La restricción de ese espacio no sólo impide el paso de los peatones por la acera directamente afectada por el siniestro, impidiendo de esa manera el acceso al inmueble en cuestión y al número 27, sino que invade la mitad de la calzada de rodaje, por lo que la Jefatura procedió a la anulación de varias plazas de estacionamiento en la otra margen de la vía para permitir, de esa manera, que la circulación pueda mantenerse activa invadiendo ese pequeño tramo de 'zona azul'.

La inspección concluyó a media mañana, realizándose todas las comprobaciones «oportunas», apuntaba el comunicado emitido por el Ayuntamiento de Haro que queda ahora a la espera de la elaboración del informe de sus técnicos para determinar cuáles son las medidas que serán adoptadas, garantizando en todo momento que sus responsables «se mantienen en contacto permanente (desde que se produjeron los hechos) con los servicios de emergencia y con los propietarios» del inmueble siniestrado.

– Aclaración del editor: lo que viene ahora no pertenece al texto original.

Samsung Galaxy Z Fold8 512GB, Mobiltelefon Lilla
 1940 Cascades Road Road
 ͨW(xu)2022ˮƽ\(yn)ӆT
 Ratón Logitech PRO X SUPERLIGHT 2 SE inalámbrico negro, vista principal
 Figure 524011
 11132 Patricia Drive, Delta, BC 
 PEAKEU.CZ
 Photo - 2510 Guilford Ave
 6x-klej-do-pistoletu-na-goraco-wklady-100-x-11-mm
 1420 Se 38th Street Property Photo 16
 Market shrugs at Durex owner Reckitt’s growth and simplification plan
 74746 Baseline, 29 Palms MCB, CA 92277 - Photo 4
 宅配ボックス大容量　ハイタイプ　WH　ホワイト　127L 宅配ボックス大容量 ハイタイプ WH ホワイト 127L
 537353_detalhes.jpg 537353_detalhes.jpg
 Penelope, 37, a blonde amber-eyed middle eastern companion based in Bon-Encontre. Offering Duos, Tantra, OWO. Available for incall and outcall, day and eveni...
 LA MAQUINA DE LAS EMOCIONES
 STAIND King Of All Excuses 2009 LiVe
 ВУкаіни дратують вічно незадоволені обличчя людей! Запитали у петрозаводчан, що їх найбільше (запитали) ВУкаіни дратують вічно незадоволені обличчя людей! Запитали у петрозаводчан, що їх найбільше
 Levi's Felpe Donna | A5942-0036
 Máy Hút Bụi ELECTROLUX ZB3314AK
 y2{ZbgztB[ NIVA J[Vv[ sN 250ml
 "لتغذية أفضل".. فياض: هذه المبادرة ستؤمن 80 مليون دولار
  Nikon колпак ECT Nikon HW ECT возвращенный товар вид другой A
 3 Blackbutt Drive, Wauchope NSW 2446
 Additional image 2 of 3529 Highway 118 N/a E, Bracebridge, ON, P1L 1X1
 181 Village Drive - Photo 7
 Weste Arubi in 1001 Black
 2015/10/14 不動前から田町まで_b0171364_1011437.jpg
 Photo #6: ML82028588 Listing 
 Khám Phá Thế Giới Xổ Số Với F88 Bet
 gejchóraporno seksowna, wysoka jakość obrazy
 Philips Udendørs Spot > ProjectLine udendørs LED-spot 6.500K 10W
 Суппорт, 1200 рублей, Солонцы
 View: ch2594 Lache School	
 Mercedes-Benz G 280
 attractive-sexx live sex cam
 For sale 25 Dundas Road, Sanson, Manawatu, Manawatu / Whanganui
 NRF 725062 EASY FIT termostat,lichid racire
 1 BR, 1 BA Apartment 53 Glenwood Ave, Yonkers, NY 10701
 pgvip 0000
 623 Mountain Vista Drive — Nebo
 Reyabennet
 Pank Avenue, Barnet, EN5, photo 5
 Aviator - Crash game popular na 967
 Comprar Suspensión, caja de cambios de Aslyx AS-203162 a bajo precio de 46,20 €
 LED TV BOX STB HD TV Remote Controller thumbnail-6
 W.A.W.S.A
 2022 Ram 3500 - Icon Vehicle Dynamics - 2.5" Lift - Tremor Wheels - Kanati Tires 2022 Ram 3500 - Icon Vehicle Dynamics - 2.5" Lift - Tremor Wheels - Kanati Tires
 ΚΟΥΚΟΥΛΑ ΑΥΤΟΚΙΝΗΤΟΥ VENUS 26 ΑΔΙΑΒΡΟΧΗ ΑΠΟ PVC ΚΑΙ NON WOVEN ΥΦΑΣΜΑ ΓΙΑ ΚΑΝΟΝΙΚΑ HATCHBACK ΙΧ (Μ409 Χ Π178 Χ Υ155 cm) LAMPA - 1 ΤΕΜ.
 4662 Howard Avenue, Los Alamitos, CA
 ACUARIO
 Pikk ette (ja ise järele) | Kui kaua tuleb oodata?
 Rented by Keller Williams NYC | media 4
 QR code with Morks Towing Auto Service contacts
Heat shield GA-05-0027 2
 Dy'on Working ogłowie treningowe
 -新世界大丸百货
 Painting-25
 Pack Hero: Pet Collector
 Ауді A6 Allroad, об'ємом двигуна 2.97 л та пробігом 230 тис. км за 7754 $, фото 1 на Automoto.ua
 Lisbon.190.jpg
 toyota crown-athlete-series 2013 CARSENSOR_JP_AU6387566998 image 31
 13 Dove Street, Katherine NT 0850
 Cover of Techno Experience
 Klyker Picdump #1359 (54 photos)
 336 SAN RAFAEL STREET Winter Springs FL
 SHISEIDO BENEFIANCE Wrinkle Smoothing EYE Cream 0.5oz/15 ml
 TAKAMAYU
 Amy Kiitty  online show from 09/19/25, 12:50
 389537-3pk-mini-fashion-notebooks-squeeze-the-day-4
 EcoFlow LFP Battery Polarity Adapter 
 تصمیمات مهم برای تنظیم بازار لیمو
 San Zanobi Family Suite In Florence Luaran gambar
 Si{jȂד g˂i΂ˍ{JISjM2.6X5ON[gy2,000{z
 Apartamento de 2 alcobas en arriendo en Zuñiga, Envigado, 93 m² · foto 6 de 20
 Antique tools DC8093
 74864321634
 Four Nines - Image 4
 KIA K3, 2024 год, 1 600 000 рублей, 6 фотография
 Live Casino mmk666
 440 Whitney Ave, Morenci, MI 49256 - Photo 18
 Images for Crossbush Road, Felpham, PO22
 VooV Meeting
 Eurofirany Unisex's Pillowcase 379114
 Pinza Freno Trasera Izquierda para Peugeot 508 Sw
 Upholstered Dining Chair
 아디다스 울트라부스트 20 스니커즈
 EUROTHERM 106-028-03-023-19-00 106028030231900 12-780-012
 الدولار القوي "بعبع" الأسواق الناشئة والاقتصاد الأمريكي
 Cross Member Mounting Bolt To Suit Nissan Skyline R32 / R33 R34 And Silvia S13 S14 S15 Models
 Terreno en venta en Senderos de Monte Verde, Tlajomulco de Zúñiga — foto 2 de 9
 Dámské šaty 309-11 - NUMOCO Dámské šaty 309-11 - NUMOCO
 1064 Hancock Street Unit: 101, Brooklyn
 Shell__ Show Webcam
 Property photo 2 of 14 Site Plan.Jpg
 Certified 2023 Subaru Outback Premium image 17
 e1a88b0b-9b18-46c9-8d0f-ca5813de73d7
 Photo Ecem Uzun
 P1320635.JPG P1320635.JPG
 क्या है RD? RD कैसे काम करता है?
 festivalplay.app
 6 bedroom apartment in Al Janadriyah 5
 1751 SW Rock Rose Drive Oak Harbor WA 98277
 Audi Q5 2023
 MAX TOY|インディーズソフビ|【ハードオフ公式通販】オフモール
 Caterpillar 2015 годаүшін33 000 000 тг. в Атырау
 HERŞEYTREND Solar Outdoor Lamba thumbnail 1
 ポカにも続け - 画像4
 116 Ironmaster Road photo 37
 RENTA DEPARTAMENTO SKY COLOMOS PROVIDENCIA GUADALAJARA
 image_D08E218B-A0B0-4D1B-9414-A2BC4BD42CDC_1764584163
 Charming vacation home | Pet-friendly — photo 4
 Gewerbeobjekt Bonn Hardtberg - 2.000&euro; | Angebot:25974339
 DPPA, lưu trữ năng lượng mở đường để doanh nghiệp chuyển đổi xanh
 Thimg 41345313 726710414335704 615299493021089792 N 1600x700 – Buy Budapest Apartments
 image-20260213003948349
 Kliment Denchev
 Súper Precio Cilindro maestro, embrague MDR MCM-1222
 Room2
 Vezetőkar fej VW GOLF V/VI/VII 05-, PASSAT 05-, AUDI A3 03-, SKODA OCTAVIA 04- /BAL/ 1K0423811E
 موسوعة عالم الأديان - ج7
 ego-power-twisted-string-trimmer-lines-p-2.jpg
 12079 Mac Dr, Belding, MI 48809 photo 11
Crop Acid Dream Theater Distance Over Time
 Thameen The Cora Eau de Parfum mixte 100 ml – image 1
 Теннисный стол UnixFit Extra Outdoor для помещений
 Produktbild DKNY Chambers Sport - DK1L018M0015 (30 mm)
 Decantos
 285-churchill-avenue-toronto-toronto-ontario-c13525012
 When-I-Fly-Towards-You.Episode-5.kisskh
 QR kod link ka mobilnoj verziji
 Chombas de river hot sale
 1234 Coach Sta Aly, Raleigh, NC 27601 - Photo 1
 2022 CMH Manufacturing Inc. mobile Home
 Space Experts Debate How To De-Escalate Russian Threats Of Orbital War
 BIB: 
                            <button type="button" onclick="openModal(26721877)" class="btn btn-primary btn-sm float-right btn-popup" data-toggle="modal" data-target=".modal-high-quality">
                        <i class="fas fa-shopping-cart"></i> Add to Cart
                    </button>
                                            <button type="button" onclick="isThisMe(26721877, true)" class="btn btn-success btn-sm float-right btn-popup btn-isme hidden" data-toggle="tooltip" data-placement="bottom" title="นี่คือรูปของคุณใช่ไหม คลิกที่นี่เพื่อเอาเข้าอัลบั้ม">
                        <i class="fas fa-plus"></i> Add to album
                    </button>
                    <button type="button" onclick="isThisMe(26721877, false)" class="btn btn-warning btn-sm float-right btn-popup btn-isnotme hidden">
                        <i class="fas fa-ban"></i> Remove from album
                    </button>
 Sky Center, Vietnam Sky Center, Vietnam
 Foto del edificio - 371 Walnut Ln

La reapertura de La Ventilla supone una bombona de oxígeno para la Jefatura jarrera al tratarse de la vía más comercial del municipio y con mayor volumen de circulación rodada, tal y como se comprobó a lo largo del sábado y el domingo, días en los que el paso quedó sellado en el cruce con Martínez Lacuesta.

A través de esa arteria se desvió a los vehículos que trataban de acceder a la Plaza de la Paz y la Vega a través de la Plaza de la Cruz. Para llegar a ese punto de conexión tuvieron que girar por Magdalena y Santa Lucía, en ese mismo orden.

Se trata de un recorrido que queda momentáneamente anulado.

Al tiempo que se producía esta visita de carácter técnico a La Ventilla, se procedía además a la retirada de los matorrales y las ramas que colgaban sobre esa misma acera desde los árboles y la maleza que han arraigado, de forma espontánea, en una finca urbana muy próxima al lugar donde se registraron los desprendimientos.

Es la misma labor de limpieza que se ha llevado a cabo, durante los últimos días, en la Calle Fernández Ollero, donde las ramas de un platanero que tuvo que ser talado, al constituir un riesgo para las personas y las cosas por su evidente inestabiliad, ocupaban más de la mitad de la zona de paso de que disponen los peatones en la acera que circunda el Hogar Madre de Dios.